Importantly, sample size does not ensure accuracy. Accuracy refers to how closely the norms match the true population values that would be obtained if they were based on the scores from all U.S. students. To demonstrate the role of demographic match and sample size on accuracy and stability we simulated score distributions that closely match the words per minute (wpm) oral reading rates in Grade 2 on CBMreading for two conditions: sample size (500, 1,000, 2,000, 5,000, 7,000, 10,000) and SES (matched to U.S. and higher than U.S.).

The results are displayed in the figure below. The horizontal lines represent the wpm score associated with the 40^{th} national percentile (some risk cut score). The orange line is the High SES sample and the teal line is the Matched SES sample. Because the teal line is matched to the population, it also represents the true score. For the High SES group, we simulated an effect size bias equivalent to one-tenth of a standard deviation, which is a very small effect. The vertical lines represent the amount of variation in the score associated with the 40^{th} percentile across samples. The longer the vertical line, the more variation and less stability.

Note that the vertical lines are very small with all samples. At 5,000 the instability is equivalent to only one word per minute! This is a negligible effect. Additionally, the worst-case scenario for the Matched SES group, which is the top or bottom of the vertical line at each point, is always better than the best-case scenario in the High SES group.

Two conclusions can be drawn from this simulation. First, a norm sample of 5,000 is sufficient to generate highly stable results. Second, demographic matching can be more important than sample size for samples as small as 500.

**Relationship Between Percentiles and Ability**

A third property of percentiles that is important to consider when comparing performance across students or comparing the prior FAST norms to the new demographically matched national norms is the *nonlinear* relationship between percentiles and ability. The blue curve in the figure below shows the relationship between percentiles (vertical axis) and CBMreading wpm scores. The curve is S-shaped and not linear. What this means is that for a given difference in ability (e.g., 10 wpm) the difference in the percentile varies depending on the position in the percentile range.

The dashed lines represent a 10-point difference in wpm. For oral reading rates a 10-point difference is nearly trivial and in fact, it corresponds to the amount of random error present in each student’s score. Thus, a 10-point difference may be no more than random error.

A score of 100 wpm corresponds to the 39^{th} percentile and a score of 110 corresponds to the 49^{th} percentile — a 10 percentile point difference! Whereas the difference between a score of 30 wpm and 40 wpm represent just a two-point percentile difference.

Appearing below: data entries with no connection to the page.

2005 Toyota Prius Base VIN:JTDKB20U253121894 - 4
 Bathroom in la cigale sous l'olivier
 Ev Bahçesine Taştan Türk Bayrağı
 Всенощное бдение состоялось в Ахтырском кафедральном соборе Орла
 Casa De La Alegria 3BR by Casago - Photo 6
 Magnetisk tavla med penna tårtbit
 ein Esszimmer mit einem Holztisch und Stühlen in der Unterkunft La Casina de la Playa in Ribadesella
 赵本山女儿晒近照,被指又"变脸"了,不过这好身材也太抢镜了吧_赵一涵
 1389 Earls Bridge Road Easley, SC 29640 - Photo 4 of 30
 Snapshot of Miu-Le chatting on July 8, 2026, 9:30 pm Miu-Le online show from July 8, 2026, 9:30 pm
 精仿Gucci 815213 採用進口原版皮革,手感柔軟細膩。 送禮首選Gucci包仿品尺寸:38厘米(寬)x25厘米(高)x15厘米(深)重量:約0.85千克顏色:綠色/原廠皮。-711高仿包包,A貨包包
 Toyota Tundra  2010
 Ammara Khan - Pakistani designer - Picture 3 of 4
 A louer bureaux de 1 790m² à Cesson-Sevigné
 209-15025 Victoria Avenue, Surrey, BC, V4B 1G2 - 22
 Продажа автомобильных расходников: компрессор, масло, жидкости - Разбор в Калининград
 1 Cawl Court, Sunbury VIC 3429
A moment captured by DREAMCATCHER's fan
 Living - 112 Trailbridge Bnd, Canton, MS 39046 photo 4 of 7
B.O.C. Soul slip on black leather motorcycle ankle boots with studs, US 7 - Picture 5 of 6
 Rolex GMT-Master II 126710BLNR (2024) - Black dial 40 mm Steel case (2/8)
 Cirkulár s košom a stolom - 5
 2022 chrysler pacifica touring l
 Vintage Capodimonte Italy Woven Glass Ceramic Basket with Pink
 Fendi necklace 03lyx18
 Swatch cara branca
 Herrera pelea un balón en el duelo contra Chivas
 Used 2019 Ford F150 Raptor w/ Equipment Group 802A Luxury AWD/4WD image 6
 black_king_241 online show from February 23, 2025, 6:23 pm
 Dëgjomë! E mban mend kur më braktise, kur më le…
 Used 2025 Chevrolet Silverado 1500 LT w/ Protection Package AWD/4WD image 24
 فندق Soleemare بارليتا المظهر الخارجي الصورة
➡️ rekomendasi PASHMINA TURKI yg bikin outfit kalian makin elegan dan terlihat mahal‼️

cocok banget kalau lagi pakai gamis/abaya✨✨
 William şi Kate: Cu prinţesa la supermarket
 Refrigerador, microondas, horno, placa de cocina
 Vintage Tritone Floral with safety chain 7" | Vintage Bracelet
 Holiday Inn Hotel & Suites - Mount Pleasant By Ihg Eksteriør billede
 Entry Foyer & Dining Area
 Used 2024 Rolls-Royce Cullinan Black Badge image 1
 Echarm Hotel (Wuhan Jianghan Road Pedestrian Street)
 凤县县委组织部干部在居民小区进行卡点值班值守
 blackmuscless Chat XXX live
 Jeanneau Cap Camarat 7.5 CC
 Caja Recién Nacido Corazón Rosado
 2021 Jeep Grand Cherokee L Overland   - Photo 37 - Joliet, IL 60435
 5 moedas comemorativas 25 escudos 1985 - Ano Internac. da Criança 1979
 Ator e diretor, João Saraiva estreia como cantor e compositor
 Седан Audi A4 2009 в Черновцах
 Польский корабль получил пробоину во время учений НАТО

When comparing the new demographically matched FAST norms to the prior national norms, the differences in ability levels for a given percentile are generally small. For CBMreading, Grades 2 – 6, the score differences across the some-risk segment are all less than 10 wpm, while in the high-risk segment the score differences range from seven to 14 wpm. A similar pattern occurs with other FAST assessments. Although these differences are real and will generally result in a smaller percentage of students flagged as at-risk, they should be interpreted in light of the ability difference and not the number of percentile points. As demonstrated here, interpretation of the size of percentile differences depends on the point along the ability continuum the difference occurs.